[EXERCISE AIM] Your output must be the lines below from the line containing "used 2010 Toyota" to the line containing "KIA Sportage d’occasion", both lines included, reproduced exactly and without pictures.
BEGIN DATA IN THIS EXERCISE
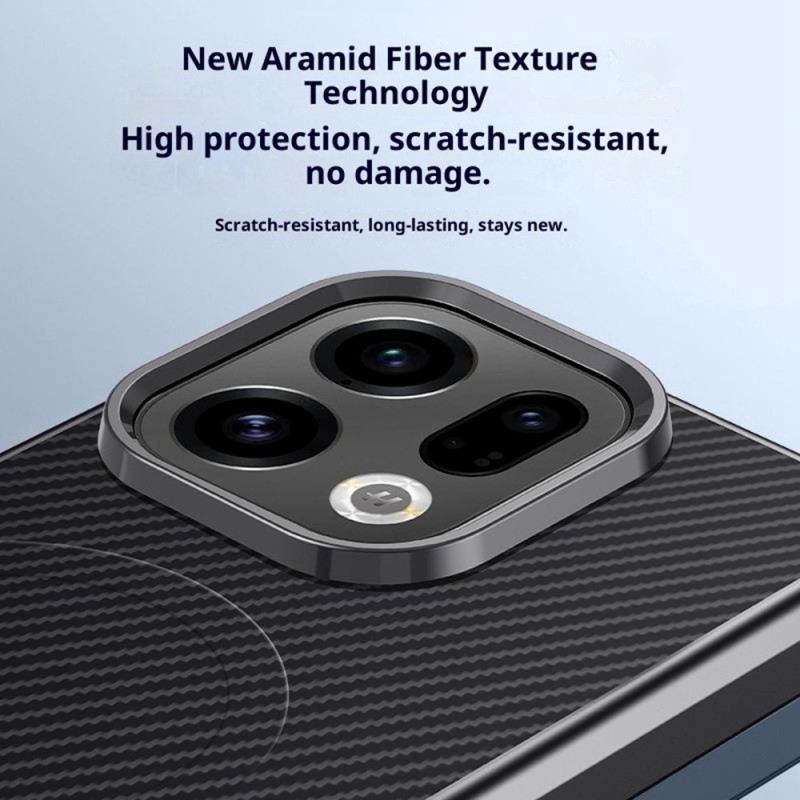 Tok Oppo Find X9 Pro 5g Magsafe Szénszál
END DATA IN THIS EXERCISE
BEGIN DATA IN THIS EXERCISE
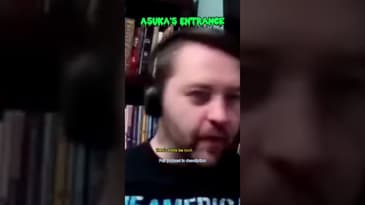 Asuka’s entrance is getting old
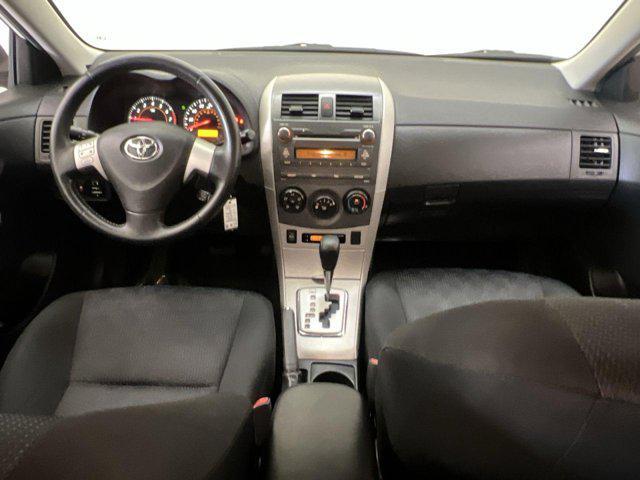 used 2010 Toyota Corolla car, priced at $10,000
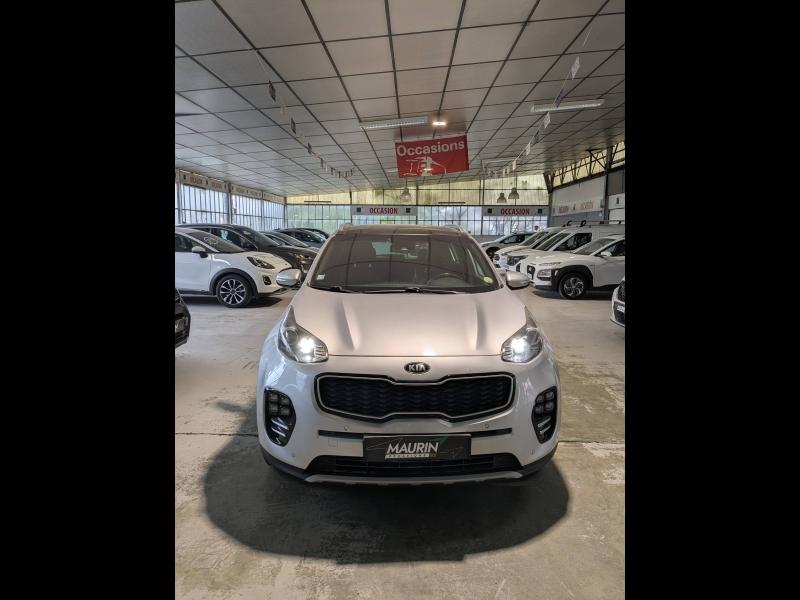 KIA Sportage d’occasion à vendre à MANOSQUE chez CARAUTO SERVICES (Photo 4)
END DATA IN THIS EXERCISE
BEGIN DATA IN THIS EXERCISE
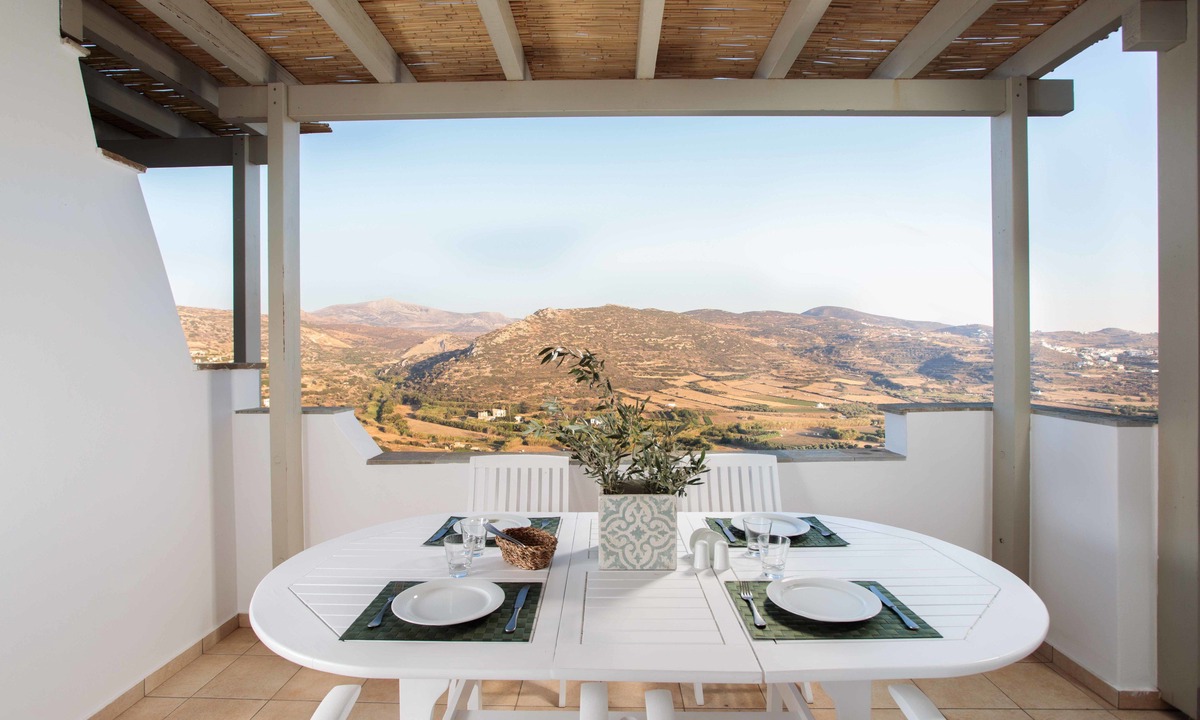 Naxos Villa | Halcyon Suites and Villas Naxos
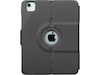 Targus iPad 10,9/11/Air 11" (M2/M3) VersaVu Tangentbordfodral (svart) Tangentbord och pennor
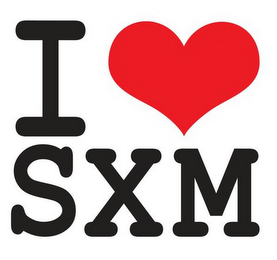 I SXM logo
END DATA IN THIS EXERCISE
[ANSWER SPACE]
 used 2010 Toyota Corolla car, priced at $10,000
 KIA Sportage d’occasion à vendre à MANOSQUE chez CARAUTO SERVICES (Photo 4)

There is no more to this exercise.